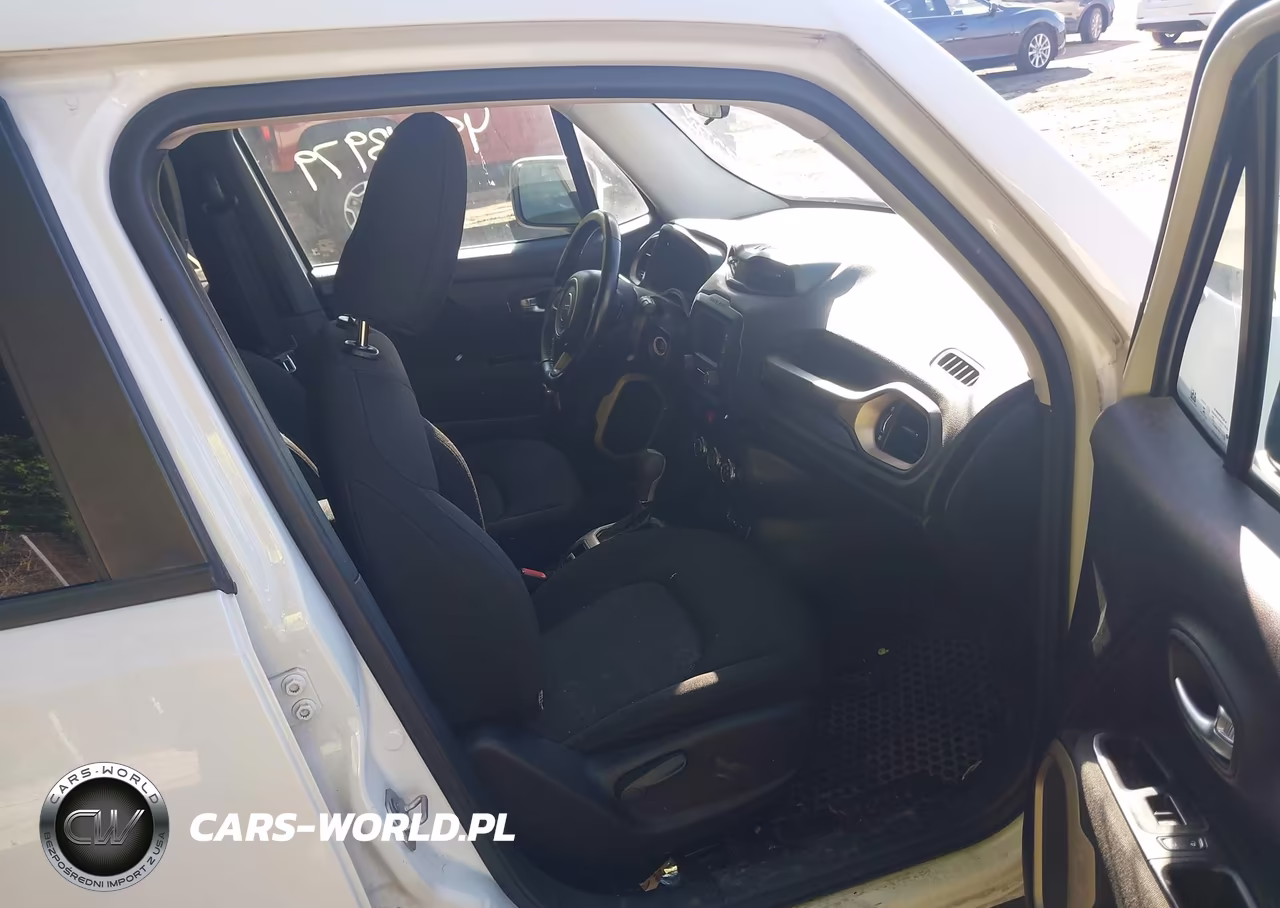 2016 Jeep Renegade Latitude VIN:ZACCJABT6GPE38274 - 5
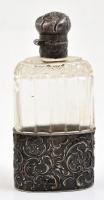 Ezüst ( Ag.) borítású szecessziós parfümös üveg, jelzett, csiszolt üveggel, kupakon horpadással, m:11,5 cm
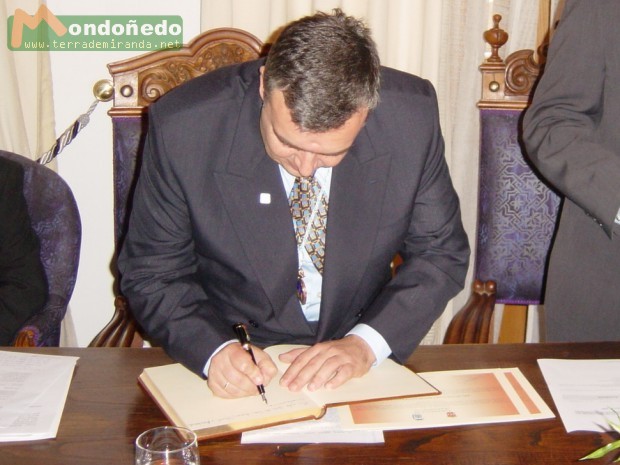 Hermanamiento
Firmando en el Libro de Oro de la ciudad.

_Assignment_
What is needed is an exact copy of the lines from the line with "Ezüst ( Ag.)" to the end of the data above, both included, without any pictures.

_Finished exercise_
 Ezüst ( Ag.) borítású szecessziós parfümös üveg, jelzett, csiszolt üveggel, kupakon horpadással, m:11,5 cm
 Hermanamiento
Firmando en el Libro de Oro de la ciudad.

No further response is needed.